I use blunt wraps and roll them in a long joint roller. The tobacco that the blunt wraps are made of covers the smell. I find the grape ones work best for me.  I smoke blunts all of the time, even in front of other people and have never had a problem. I drive by cops while smoking them all of the time. I have smoked them while walking through casinos even.


----------



## AcesUp (Sep 19, 2009)

kaotik said:
			
		

> blow hoots out through dryer fabric softner sheets stuffed inside a papertowel cardboard tube (or toilet paper tube if need be)
> decent ghetto solution


 

:yeahthat:


----------



## frankcos (Sep 19, 2009)

Sampson said:
			
		

> Not really worried about smoke it's mostly the smell.


Well the smoke is what makes the smell right ?lol some smoke will always escape your lungs which means it won't make it through  the dryer sheet.Slip your roommates some mj brownies they won't even notice the smell.Honestly I don't think there is anyway to smoke weed and not have it smell like weed after especially if you can't open the window.Things may mask the odor but nothing is going to get rid of it.Good luck bro.


----------



## frankcos (Sep 19, 2009)

kasgrow said:
			
		

> I drive by cops while smoking them all of the time. I have smoked them while walking through casinos even.

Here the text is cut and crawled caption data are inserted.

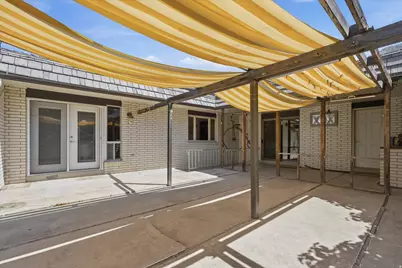 1696 E 1185 N, Logan, UT 84341 - Photo 43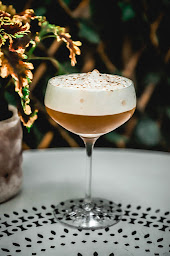 Photo n°36 de Le Très Particulier à Paris (Bar lounge)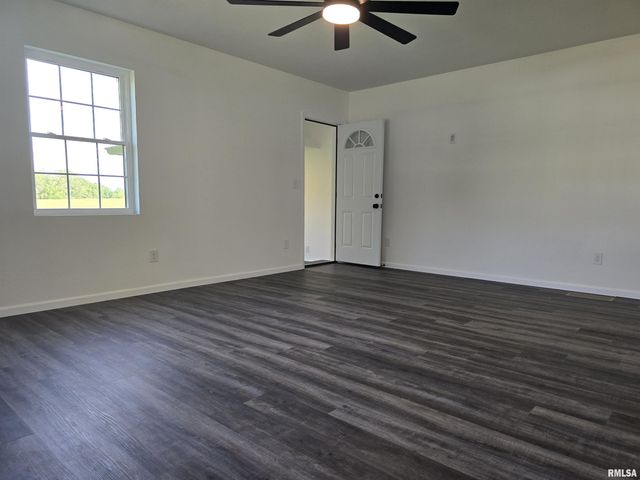 314 3RD Street, South Pekin, IL 61564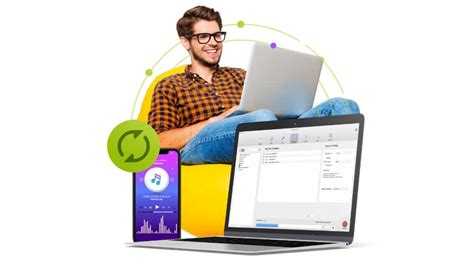 CD/DVD/Blu-Ray Burning & Disc Authoring for Mac - Roxio Toast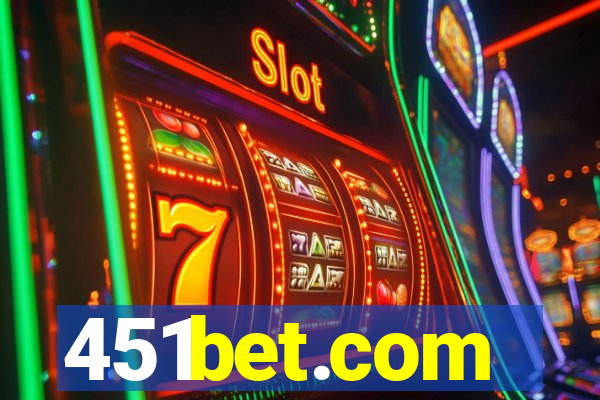 451bet.com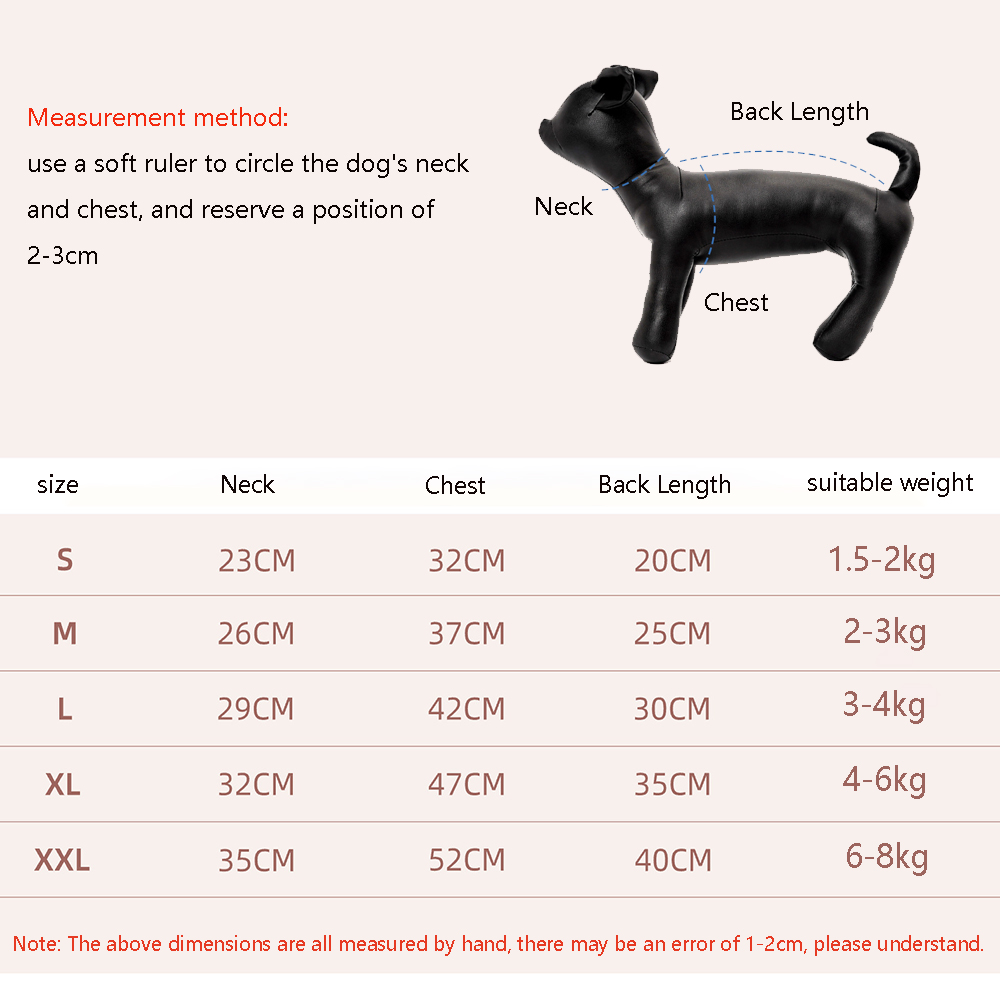 Pet Harness and Leash Set,Summer Pet Clothes with Matching Leash and Cute Bow Decoration for Cats and Puppy Outdoor Walking Dogs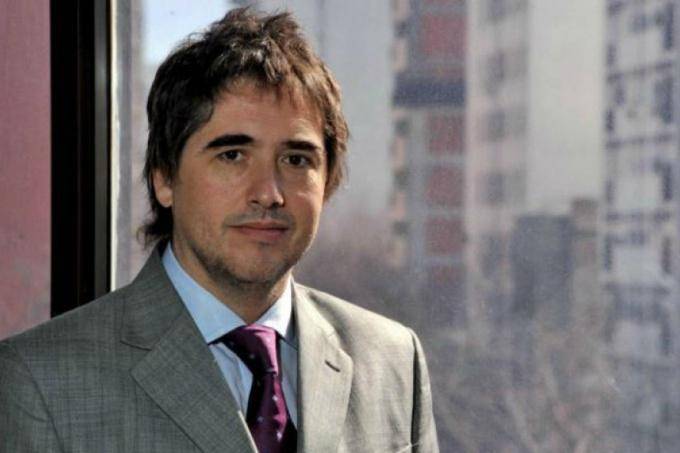 “Una suba legal pero ilegítima”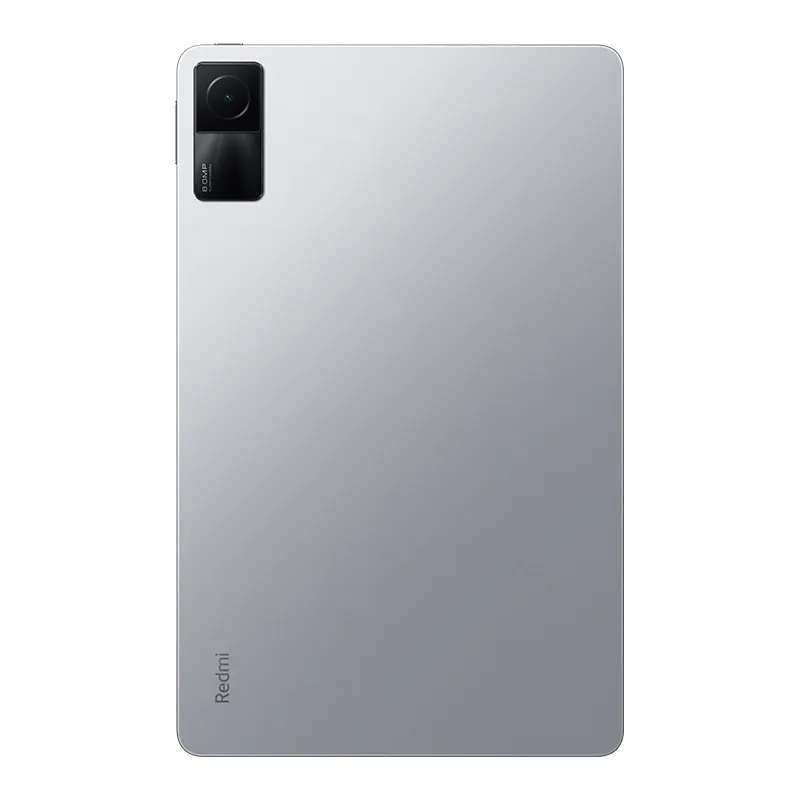 【美&安】Redmi Pad Helio G99/RAM4GB ROM128GB Xiaomi Redmi Pad 4GB+128GB 価格比較 - 価格.com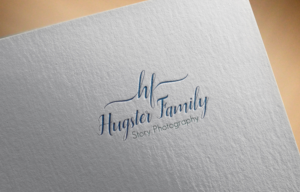 Logo Design by Mehedi Hasan ™ for this project | Design: #11925526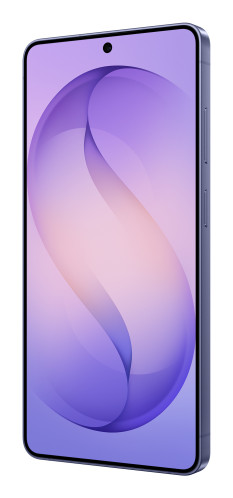 Samsung S948 Galaxy S26 Ultra 5G (6,9'' 256 Go, 12 Go RAM) Violet S948-12/256_PPL-09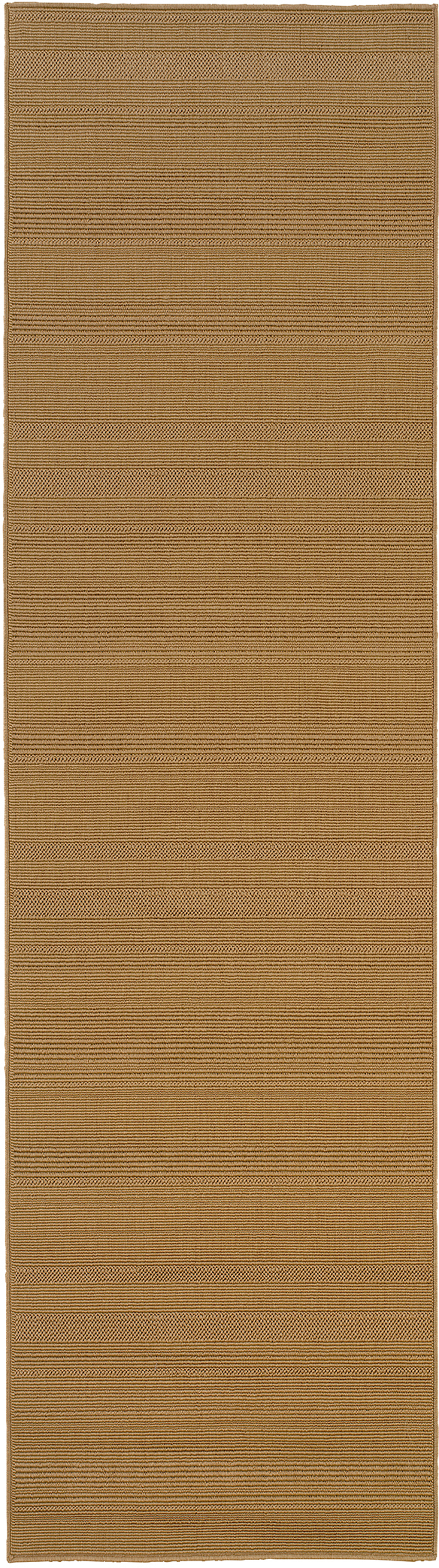 Oriental Weavers LANAI 781Y1 Beige Rug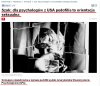Ktoś ma jeszcze wątpliwości do czego prowadzi 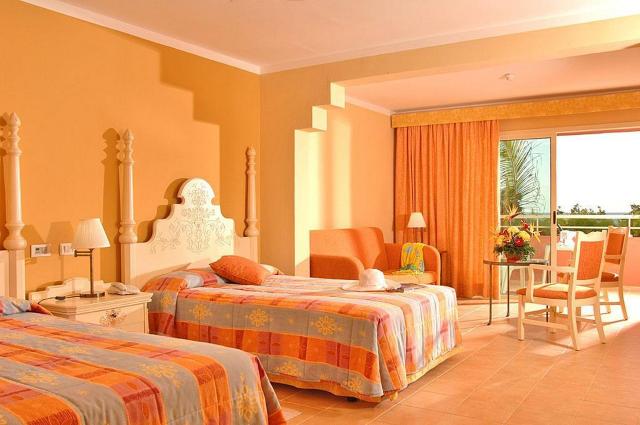 Iberostar Selection Varadero 5 (2)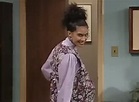 28 Who Did Lili Bernard Play On The Cosby Show Ultimate Guide 04/2023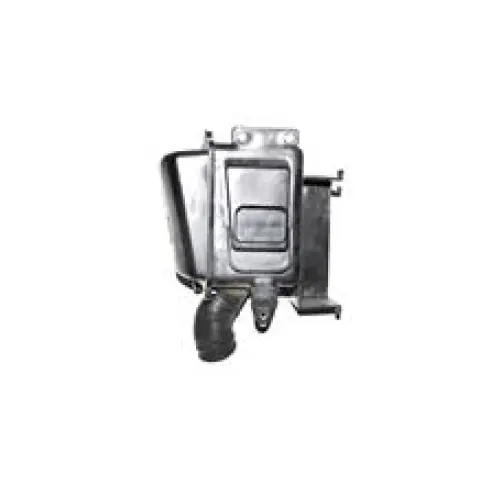 Arora CG Hava Filtresi Komple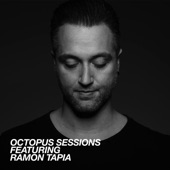 Octopus Sessions 010 artwork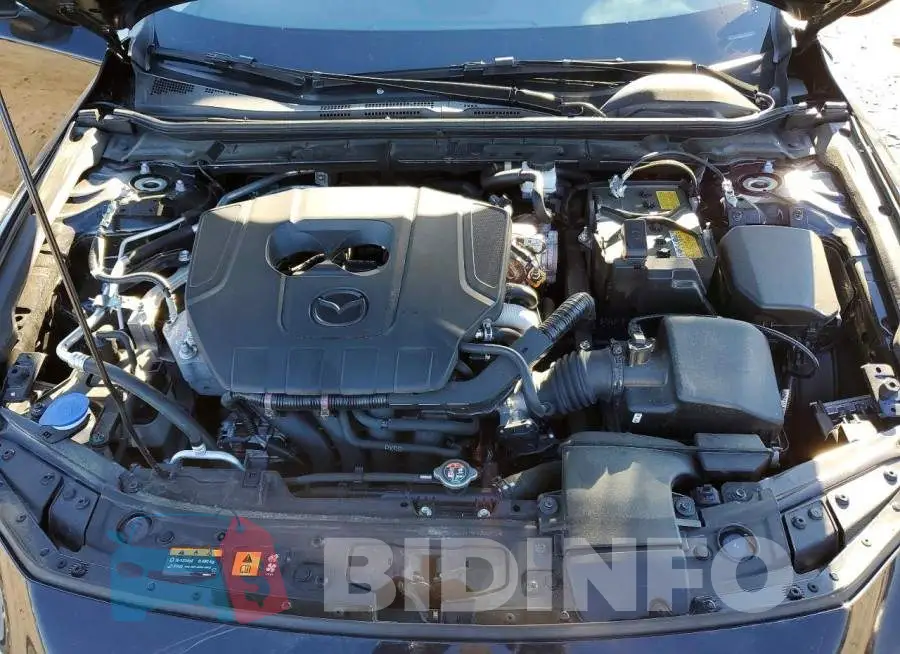 JM1BPACM2S1759786 Photo# 11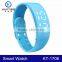 2015 Cheap Wholesale Bluetooth Smart Watch for iOS and Android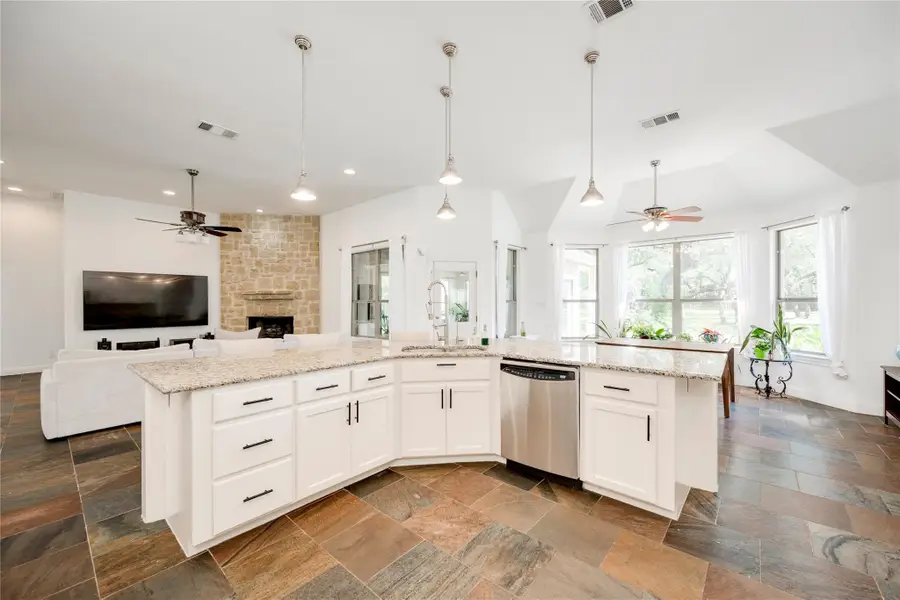 1005 Cedar Park Dr, Cedar Park, TX 78613 - #3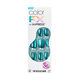 Unghii false imPRESS colorFX, Better Things, 1 set, kis 689460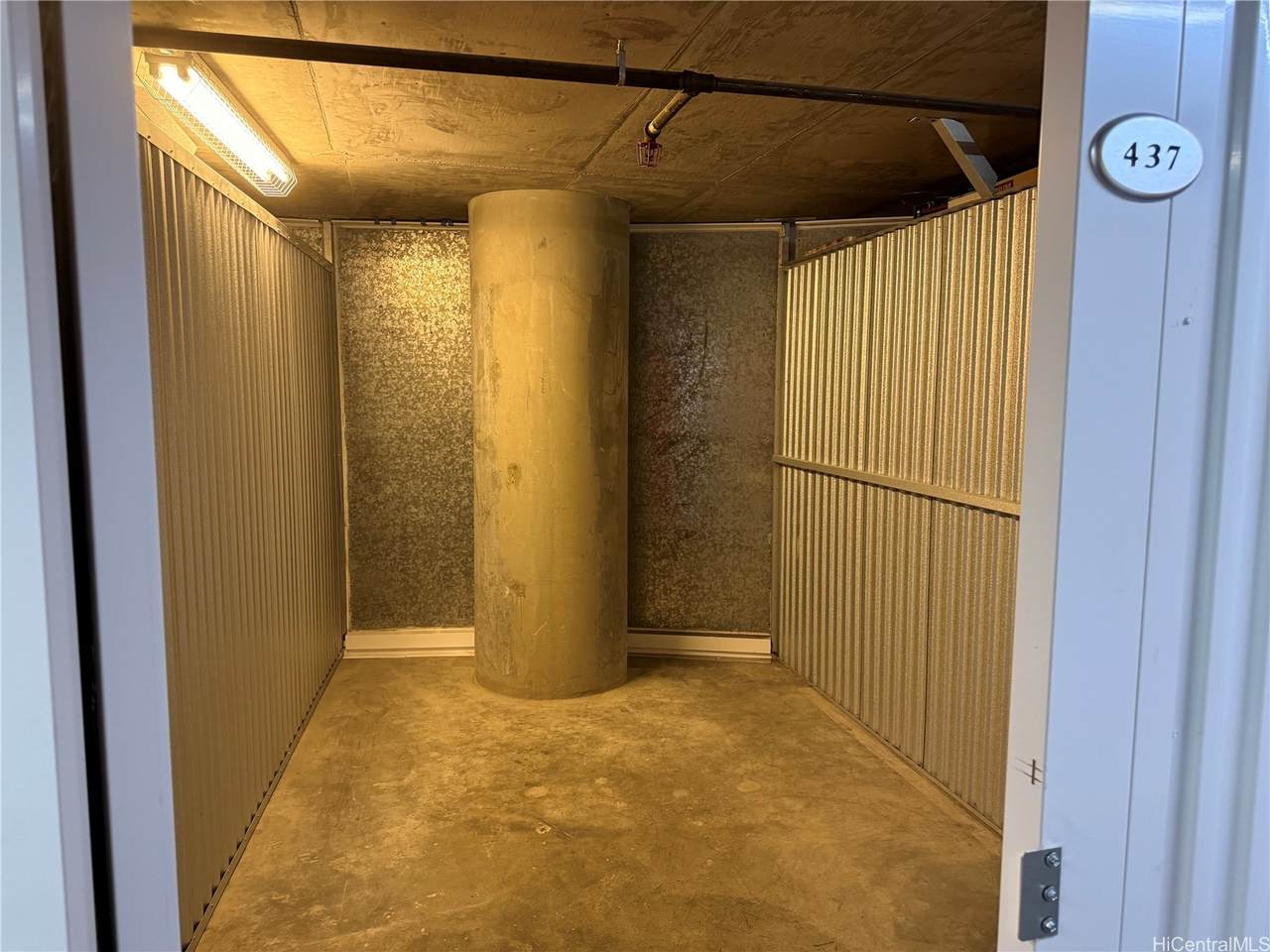 https://bt-photos.global.ssl.fastly.net/honolulu/1280_boomver_1_202612429-2.jpg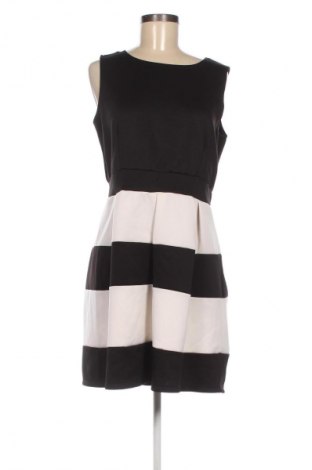 Rochie Unbranded, Mărime M, Culoare Multicolor, Preț 76,32 Lei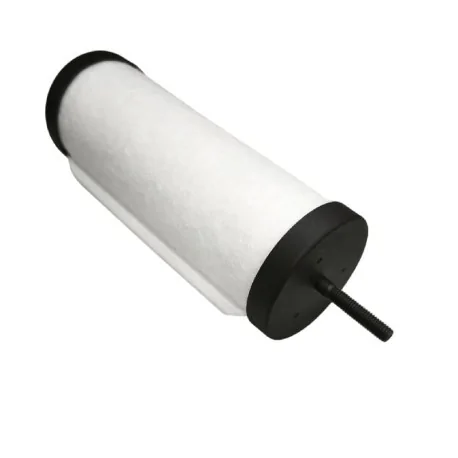Filter Vacuum packing XD-020 Ø55mm 55x200mm...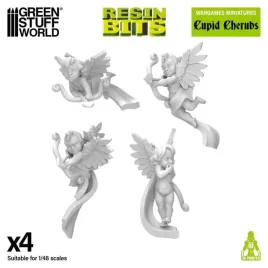 3d-printed-set-cherubs-40k-cupid-cherubs-4-szt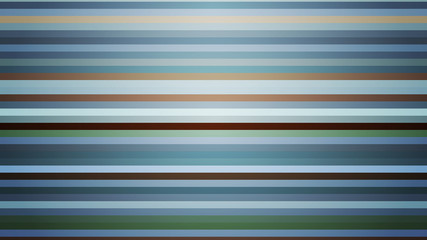 Fototapeta premium Background with color lines.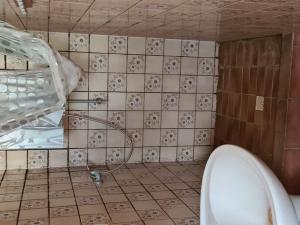 Prodej rodinného domu, Přelíc, 320 m2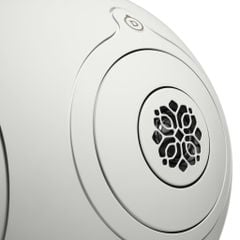 Loa Devialet Phantom Ultimate 108 dB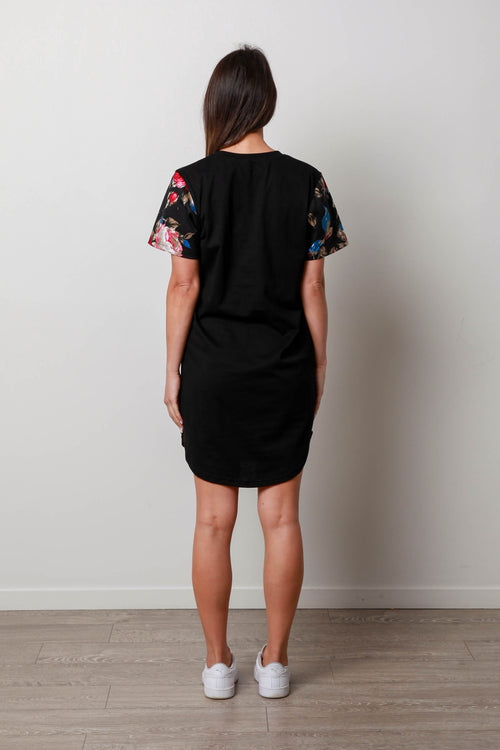 MILA LEE DRESS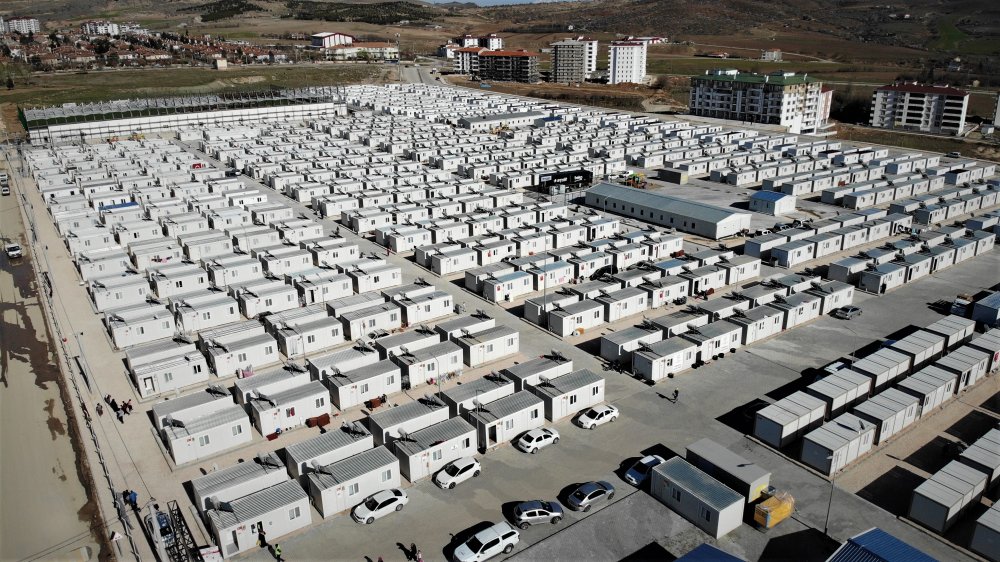 Haber Detay Görseli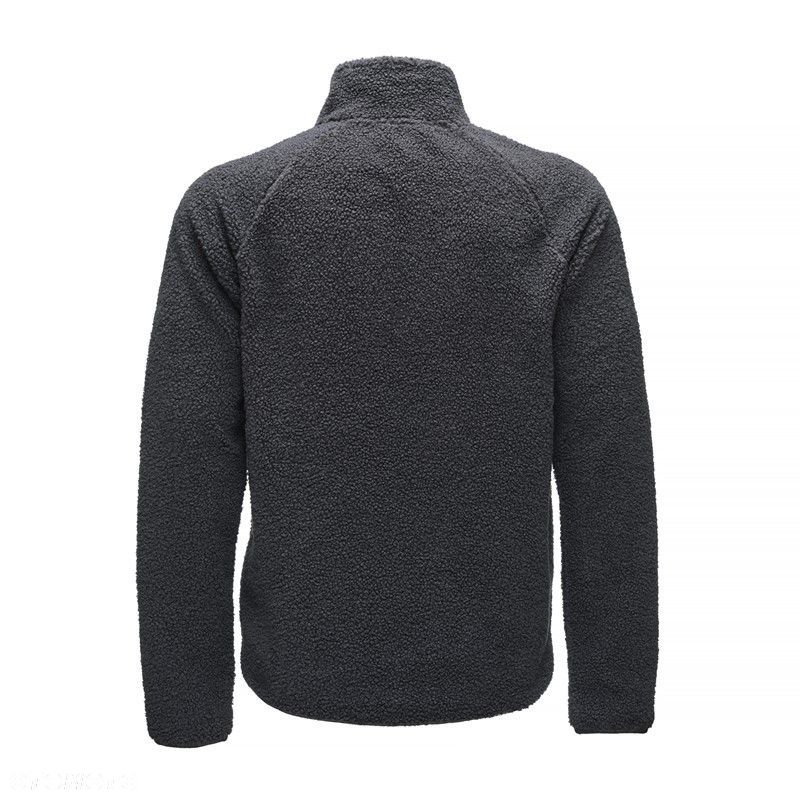 VOLVO polar kurtka polarowa L OE - 2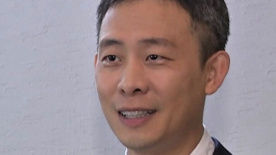 玖草在线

you are just asking for trouble.why bother?


----------



## dirtyolsouth (Sep 20, 2009)

kasgrow said:
			
		

> I use blunt wraps and roll them in a long joint roller. The tobacco that the blunt wraps are made of covers the smell. I find the grape ones work best for me.  I smoke blunts all of the time, even in front of other people and have never had a problem. I drive by cops while smoking them all of the time. I have smoked them while walking through casinos even.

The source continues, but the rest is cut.